The real killer was the wind. Sustained speeds of 50 to 70 mph, with gusts exceeding 100 mph in some areas (notably near Cleveland), whipped the snow into blinding drifts. In Massillon, where I lived at the time, drifts reached 10 to 15 feet high, burying cars, blocking roads, and even covering first-floor windows of homes. Visibility dropped to zero during the storm’s height, creating whiteout conditions that lasted for hours. 12 to 20 inches of snow fell across Northeast Ohio.
Earlier that month, Ohio had already endured a brutal cold snap, with temperatures dipping below -20°F statewide on January 19-20, setting the stage for the blizzard’s impact.
Having lived in the Western states mountains for a few years, I knew mountain blizzards, high winds and lots of deep snow. So I woke up on January 25 and drove to work not thinking much about the blizzard.

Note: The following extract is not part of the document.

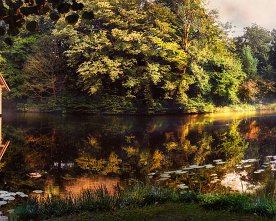 Bootshaus-am-See-Pan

Some of the secondary road cuts had drifts of snow, but not that bad. My work parking lot was empty which I thought was odd. I went into the building and the guard asked "What are you doing here?" I told him "I'm coming to work." He replied "You can't work today - work is closed. Didn't you hear?" Not being a radio listener or TV watcher, I didn't have a clue. So I went home and enjoyed my day off.
That was back in the old days when there were real winters. 😂😂😂👍
January 19th 1977 it snowed in Miami. I worked late at the University and I had an old mustang with no working heater. I drove home after dark with the snow hitting the windshield and no heat. I was never so glad to get home. 😏
Yeah- that is kind of an important detail. Thanks.
Temperatures in Missouri for the 2-week period, February 6-19, 2021, averaged more than 20 degrees below normal with a statewide average temperature of 10.2°F.
That sucked.
It got down to -15°-ish one night. My old Gen2 5.9 Cummins turbo diesel truck stuck an injector nozzle and hydro-locked the engine about half an hour after I started it up the next morning.
The walk home while wearing office clothes was, shall we say, exhilarating...
I remember that one. I remember them calling out the Ohio National Guard to deploy tracked M113 armored personnel carriers to rescue people trapped in cars on I-75 and such. I would have been down here in GA, actually working not far from where I am sitting now.
The temperature stayed below -15°F for two weeks straight in St. Louis in the winters of ‘84 and ‘85.
I got snowed-in in Oak Brook with a dead battery and the car rental outfit said to lock the car with the keys in the glovebox and take public transportation to the airport and they’d dig it out later. Which they did, but that winter was brutal.
I was at Mizzou ‘69-’73 and remember a few winters with -15 to -20 overnight temps. It was, shall we say, “exhilarating” walking to an early class.
Most of the country will be going above normal temp-wise next week.
I was a 7-year-old kid that year. The summer before, our family had gone to the beach in Ocean City, MD. Our folks had the old fashioned 8mm film camera and took a few rolls of us on the beach.
Somehow, one of the rolls wasn't developed and was double exposed when we went out to play that winter...so we ended up with movies of us kids building an igloo in our swimming trunks and wading into the ocean with our snow parkas :-)
I wish people would just put that information in right off the bat.
100% agree!
Was thinking this could have been a talk about "Fairbanks, Alaska."
Regards,
I lived in Alaska then; I didn’t notice.
WINTERS
1973 - 1974 was cold - the house creaked all thru January
1975 - 1976 was cold - lots of snow
1976 - 1977 was cold - Ohio River Froze at Cincinnati, people walked on the river between KY and OH
1977 - 1978 was cold - blizzard; High St. Columbus, OH frozen over by 8 inches of ice; OH River froze over again
1978 - 1979 was cold - blizzard in Colorado - Utah - Nevada
1979 - 1980 was cold - lots of snow and ice
I was in the USAF, in Del Rio by golly TX, and it was even cold there too. Yes, the same Del Rio, TX, where all those Haitian invaders, were under the international bridge.